Spare Change News
As fall closes in, I have been watching a few things. Maybe you have, as well.
1. This whole Occupy thing.
The Wall Street protests have finally reached Boston, big-time. The protests, which started off as a small rally at an area of the Greenway near the financial district, have turned into a full-on protest over the last couple of weeks, complete with raids, arrests, and a little of the “Hell no…we won’t go” attitude from the sixties.
The whole Occupy thing is all about people like me and you standing up against corporations and political greed. It all started overseas in places like Egypt, Rome and Greece. Meanwhile, Wall Street, and the politicians who were in their pockets, held their breath, and prayed that Americans didn’t get any ideas. Well, guess what? We did.
The mayor of Boston has sent out the Boston Police Department in force as crowds continue to get larger. Menino has made it a point to let the city know that he will not tolerate civil disobedience in Boston — but hold on a minute, your honor. Much of your beloved city was founded on civil disobedience. You of all people should appreciate that the only way that this Occupy thing is going to end (not only in Boston but around the country) is for Wall Street and all those corporations to end the greed and share the wealth. As of press time, there seems to be little chance of that happening.
2. An invasion of privacy?
A while back I wrote a column on an effort by the city of Boston to make public housing smoke-free. After a general outcry from advocates on both the left and the right, the city backed off … sort of.
The Boston Public Health Commission has created a registry that will allow city landlords to list their properties as smoke-free. While I applaud the efforts to create a smoke-free community, there just seems to be something wrong with telling people what they can or can’t do in the privacy of their own homes.
This just isn’t Boston, folks. Across the Charles, Cambridge has been talking about banning smoking in public parks. This isn’t just about health, it’s about infringing on people’s rights.
Meanwhile, back in Boston, our favorite mayor is advocating for the smoke-free housing. How can someone who is against civil disobedience be all for encroaching on people’s rights? It makes no sense to me. I doubt if it makes any sense to you folks, either.
3. No one at the helm.
It’s been a couple of months now and still the MBTA has yet to hire a General Manager. In fact, no one has even applied for the job since the T sent out ads for it.
The MBTA is the fifth-largest transit system in the USA, according to its ridership records. It’s a wonder why anyone hasn’t wanted to jump all over an opportunity like that.

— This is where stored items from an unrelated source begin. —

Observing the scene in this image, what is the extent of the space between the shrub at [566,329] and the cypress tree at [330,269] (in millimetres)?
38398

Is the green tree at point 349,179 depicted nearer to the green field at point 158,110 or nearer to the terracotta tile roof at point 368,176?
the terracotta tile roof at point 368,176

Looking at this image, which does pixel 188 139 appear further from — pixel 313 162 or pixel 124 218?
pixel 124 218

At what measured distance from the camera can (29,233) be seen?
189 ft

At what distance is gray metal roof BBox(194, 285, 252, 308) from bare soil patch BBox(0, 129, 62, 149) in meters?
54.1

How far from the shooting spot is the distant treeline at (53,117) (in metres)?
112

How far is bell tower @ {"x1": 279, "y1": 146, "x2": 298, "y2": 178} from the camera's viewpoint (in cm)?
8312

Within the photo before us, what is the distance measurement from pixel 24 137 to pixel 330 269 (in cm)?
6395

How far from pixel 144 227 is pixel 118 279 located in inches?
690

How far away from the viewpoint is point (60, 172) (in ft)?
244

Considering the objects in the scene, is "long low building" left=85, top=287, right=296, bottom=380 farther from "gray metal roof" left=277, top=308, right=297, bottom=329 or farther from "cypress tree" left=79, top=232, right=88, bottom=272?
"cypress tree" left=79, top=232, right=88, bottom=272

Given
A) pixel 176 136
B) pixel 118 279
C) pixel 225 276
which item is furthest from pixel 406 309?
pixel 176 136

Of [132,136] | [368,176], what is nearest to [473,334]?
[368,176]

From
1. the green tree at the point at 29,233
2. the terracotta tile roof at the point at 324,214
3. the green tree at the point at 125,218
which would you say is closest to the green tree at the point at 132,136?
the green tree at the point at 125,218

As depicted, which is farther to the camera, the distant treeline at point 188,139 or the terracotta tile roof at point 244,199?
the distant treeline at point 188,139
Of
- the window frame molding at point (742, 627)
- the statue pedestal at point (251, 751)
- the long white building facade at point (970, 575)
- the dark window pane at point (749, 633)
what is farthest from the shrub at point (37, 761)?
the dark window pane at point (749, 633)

But maybe that’s just it. The MBTA has made a reputation of eating its young, or its GMs, as it were. Granted, the last GM, Rich Davey, left to run the larger agency MassDOT, but you’ve got to wonder if he bailed out because he thought dealing with MassDOT would be easier than dealing with the T and its many problems, most of which are financial.

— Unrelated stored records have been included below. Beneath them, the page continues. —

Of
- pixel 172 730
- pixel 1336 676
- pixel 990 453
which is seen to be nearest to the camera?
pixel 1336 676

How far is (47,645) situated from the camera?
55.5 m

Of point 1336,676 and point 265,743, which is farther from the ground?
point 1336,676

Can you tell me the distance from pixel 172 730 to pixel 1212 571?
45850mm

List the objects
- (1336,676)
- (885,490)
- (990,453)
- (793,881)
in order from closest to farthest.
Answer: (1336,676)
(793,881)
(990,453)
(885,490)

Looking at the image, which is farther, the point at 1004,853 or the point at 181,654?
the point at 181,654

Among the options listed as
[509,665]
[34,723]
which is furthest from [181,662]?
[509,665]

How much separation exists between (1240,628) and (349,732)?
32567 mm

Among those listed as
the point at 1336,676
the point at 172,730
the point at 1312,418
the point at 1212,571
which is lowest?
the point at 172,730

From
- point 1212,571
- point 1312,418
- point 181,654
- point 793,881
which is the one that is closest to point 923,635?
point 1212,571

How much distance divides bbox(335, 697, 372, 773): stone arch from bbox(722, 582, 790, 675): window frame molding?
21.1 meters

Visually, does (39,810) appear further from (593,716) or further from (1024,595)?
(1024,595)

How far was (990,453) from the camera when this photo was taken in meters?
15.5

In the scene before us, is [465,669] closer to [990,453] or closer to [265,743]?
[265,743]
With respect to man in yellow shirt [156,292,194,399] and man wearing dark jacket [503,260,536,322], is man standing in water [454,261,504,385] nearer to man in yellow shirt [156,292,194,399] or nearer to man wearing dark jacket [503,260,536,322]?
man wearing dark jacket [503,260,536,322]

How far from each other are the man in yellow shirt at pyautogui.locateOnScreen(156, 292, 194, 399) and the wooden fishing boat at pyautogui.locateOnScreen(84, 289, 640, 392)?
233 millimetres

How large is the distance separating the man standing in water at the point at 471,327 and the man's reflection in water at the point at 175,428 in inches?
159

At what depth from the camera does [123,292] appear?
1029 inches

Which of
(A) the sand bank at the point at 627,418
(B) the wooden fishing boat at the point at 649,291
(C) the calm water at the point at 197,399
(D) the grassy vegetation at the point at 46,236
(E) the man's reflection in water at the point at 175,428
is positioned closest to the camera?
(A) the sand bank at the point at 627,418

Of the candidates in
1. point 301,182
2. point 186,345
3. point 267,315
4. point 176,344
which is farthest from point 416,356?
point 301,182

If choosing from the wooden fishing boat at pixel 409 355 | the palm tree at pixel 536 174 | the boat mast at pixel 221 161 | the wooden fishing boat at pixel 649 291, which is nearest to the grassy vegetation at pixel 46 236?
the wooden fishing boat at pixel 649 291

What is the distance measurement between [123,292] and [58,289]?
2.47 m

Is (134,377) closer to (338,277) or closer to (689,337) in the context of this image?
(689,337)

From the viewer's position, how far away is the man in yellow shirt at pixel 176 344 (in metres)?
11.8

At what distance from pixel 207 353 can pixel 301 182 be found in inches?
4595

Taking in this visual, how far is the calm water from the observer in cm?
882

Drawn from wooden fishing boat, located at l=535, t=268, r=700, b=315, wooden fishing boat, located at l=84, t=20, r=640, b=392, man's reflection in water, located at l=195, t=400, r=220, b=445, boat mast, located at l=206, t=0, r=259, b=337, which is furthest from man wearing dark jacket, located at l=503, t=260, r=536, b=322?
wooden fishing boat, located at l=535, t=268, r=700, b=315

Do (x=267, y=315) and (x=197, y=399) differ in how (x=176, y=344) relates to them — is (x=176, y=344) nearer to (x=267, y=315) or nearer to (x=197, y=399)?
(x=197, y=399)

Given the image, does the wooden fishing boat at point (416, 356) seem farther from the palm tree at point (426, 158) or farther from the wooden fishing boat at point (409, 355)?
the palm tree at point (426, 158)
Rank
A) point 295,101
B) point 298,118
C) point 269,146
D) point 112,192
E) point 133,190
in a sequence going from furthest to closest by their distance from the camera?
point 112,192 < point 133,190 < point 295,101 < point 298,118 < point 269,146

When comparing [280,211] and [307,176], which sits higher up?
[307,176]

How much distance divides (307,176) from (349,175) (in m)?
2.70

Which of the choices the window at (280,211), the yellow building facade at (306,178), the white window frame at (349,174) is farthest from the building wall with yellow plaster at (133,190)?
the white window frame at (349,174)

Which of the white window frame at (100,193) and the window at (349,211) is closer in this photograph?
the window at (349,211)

Besides, who wants to be the head of this agency when the words “fare increase” are mentioned?
4. From the what-were-we-thinking department.
I just couldn’t end this column without taking a poke at our beloved Boston Red Sox after what was supposed to be a championship season. At one point, the Sox were the best team in baseball, and blew not only a first-place lead to the dreaded Yankees, but also lost the wildcard race to Tampa Bay.
Ironically, Tampa Bay lost a salary race trying to resign one of their big stars, Carl Crawford, to Boston. Crawford turned out to be a bigger bust than the Red Sox. Now that the Sox have lost both their manager and GM, you’ve got to wonder what John Henry and the rest of the Sox ownership were and are thinking.
Meanwhile, Theo, there is a job opening at the MBTA.
JAMES SHEARER is board president and a co-founder of Spare Change News.